GoPlus Security has identified a novel attack method in its AgentGuard AI project, known as 'memory poisoning,' which manipulates AI agents into executing sensitive operations without explicit authorization. According to ChainCatcher, this attack does not rely on traditional vulnerabilities or malicious code but exploits the long-term memory mechanisms of AI agents. Attackers can induce agents to 'remember preferences,' such as prioritizing refunds over chargebacks, and later use vague instructions like 'handle as usual' to trigger automated financial operations.
GoPlus highlights that the risk lies in AI agents mistaking 'historical preferences' for authorization, potentially leading to financial losses or security incidents during refunds, transfers, or configuration changes.

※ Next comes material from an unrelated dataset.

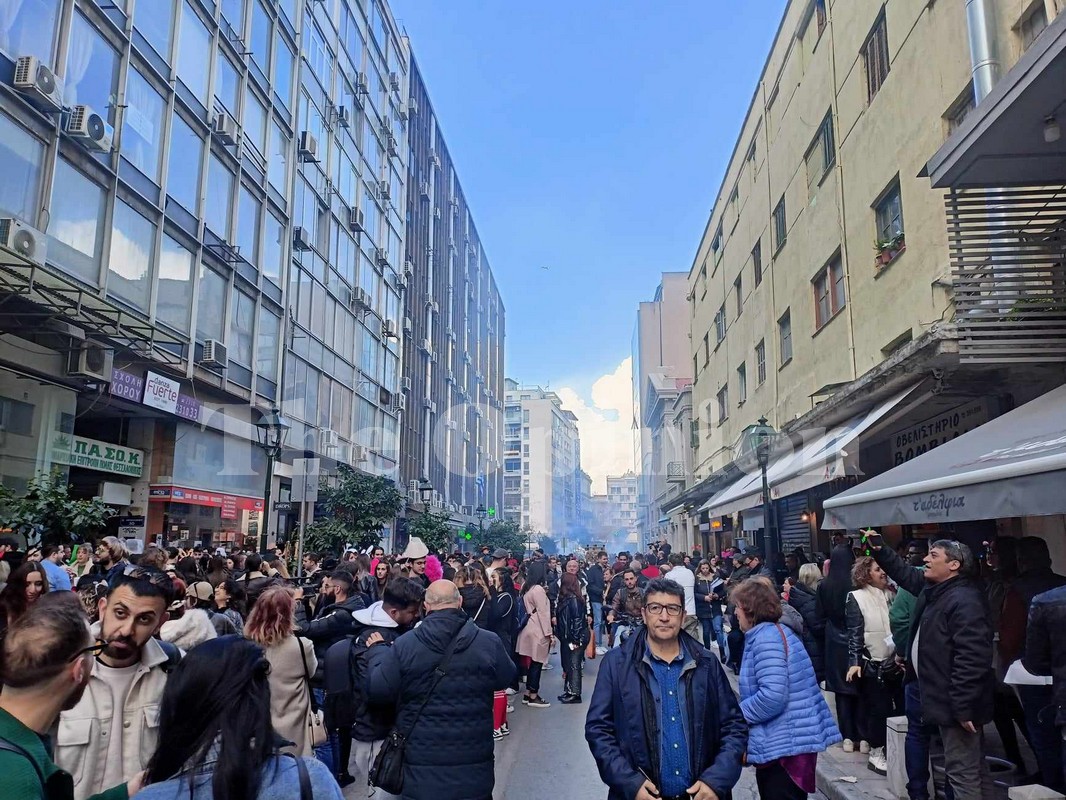 Ξέφρενο γλέντι στο κέντρο της Θεσσαλονίκης για την Τσικνοπέμπτη (ΦΩΤΟ-VIDEO)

To mitigate these risks, the team suggests several protective measures:
- Operations involving refunds, transfers, deletions, or sensitive configurations should require explicit confirmation in the current session.
- Memory-related instructions like 'habitual,' 'usual method,' or 'as before' should be treated as high-risk state changes.
- Long-term memory must have traceability mechanisms, including the writer, time, and confirmation status.
- Vague instructions should automatically elevate the risk level and trigger secondary verification.
- Long-term memory should not replace real-time authorization processes.
The team emphasizes that the 'AI agent memory system' should be considered a potential attack surface and constrained and audited through a dedicated security framework.